Bévue ou pas, l’affaire vient nous rappeler que près de huit ans d’intervention française au Mali n’ont pas permis de stabiliser une région sahélienne où les conflits ethniques, les insuffisances de l’Etat et la pauvreté ont fait le lit de groupes islamistes armés, eux-mêmes en lutte permanente. Selon l’ONU, leurs attaques ont causé plus de 4000 morts au Burkina Faso, au Mali et au Niger en 2019 – soit cinq fois plus qu’en 2016.

Malgré leurs ressources minières, les pays de la région croupissent tout en bas du classement de l’indice du développement humain, faute d’infrastructures sociales suffisantes, dans un contexte de forte pression démographique et climatique. Un enfant sur deux n’y va pas à l’école.
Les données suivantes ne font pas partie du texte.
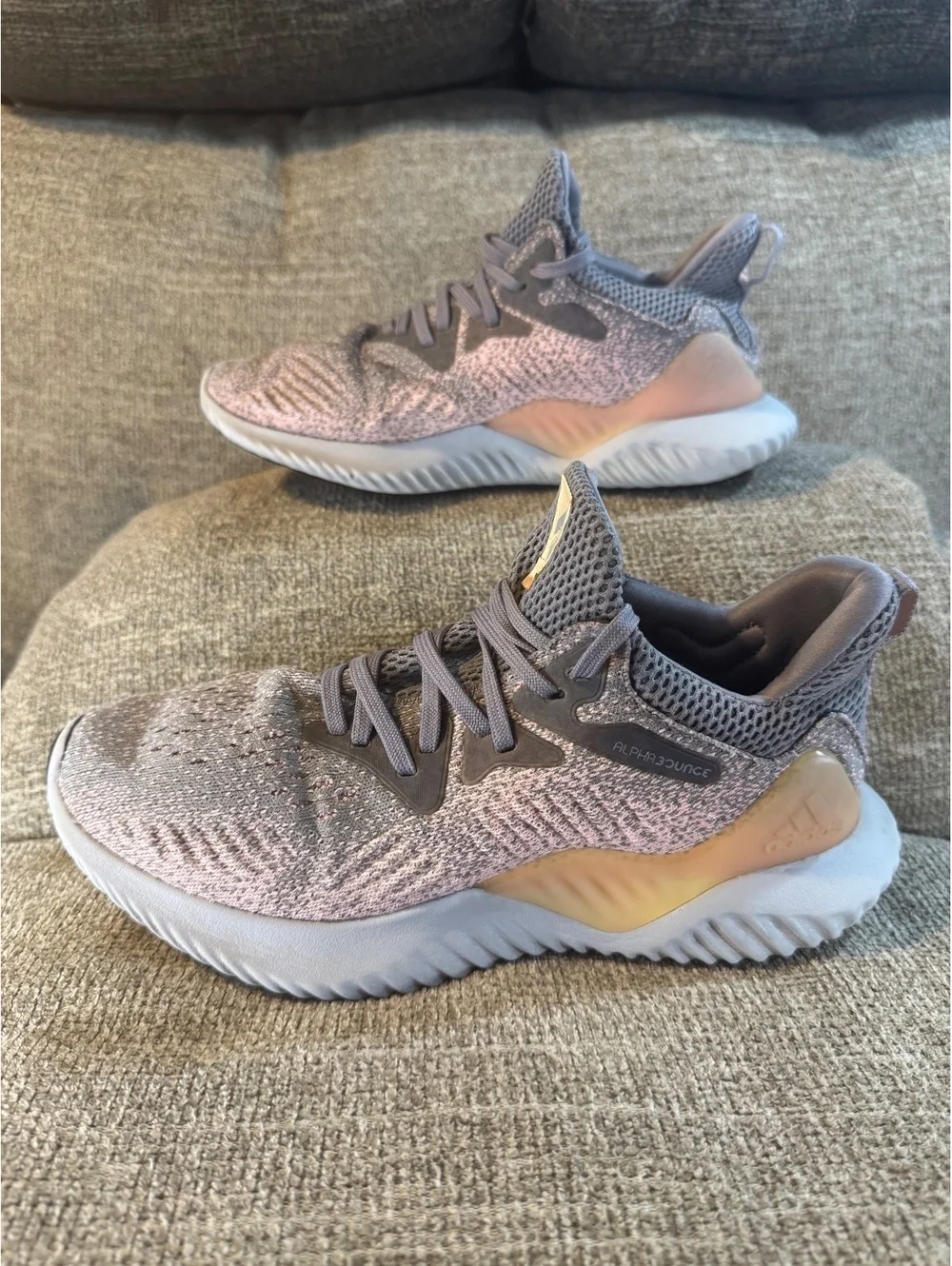 adidas Alphabounce Beyond Men’s Grey/Real Magenta/Clear Orange HWA1Y3001 Size 7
Un sur deux vit sous le seuil de pauvreté.

Dans ce contexte, la stratégie essentiellement militaire choisie par la France et ses alliés est perdue d’avance. Un seul chiffre suffit à comprendre le cercle vicieux: entre 2010 et 2018, la part des dépenses militaires au budget du Mali est passée de 7% à 14% tandis que l’investissement dans la santé se maintenait autour de 5%. Sans que cet effort ne vienne améliorer la situation.

D’autant moins que les «dommages collatéraux», comme ceux dénoncés à Bounti, sont intrinsèques à ce type d’opération militaire hautement technologique, où les cibles sont définies à distance en temps réel sur la base d’observations aériennes. Dans une interview, le responsable des escadrons aériens au Sahel admettait récemment à demi-mots la difficulté, «face à un ennemi qui se fond dans la population», de «pouvoir déceler des signaux très faibles» qui conduisent «à déclarer la cible comme militaire». En 2015, le site d’information The Intercept estimait, sur la base de documents dérobés au Pentagone, que 90% des victimes des drones lors de l’opération Haymaker (Afghanistan) n’étaient pas souhaitées ! Des drames à répétition qui, du Pakistan au Mali, d’Irak en Somalie, viennent jeter de l’huile sur le feu et fabriquer sans fin de nouveaux combattants déterminés à venger les leurs de l’Occident.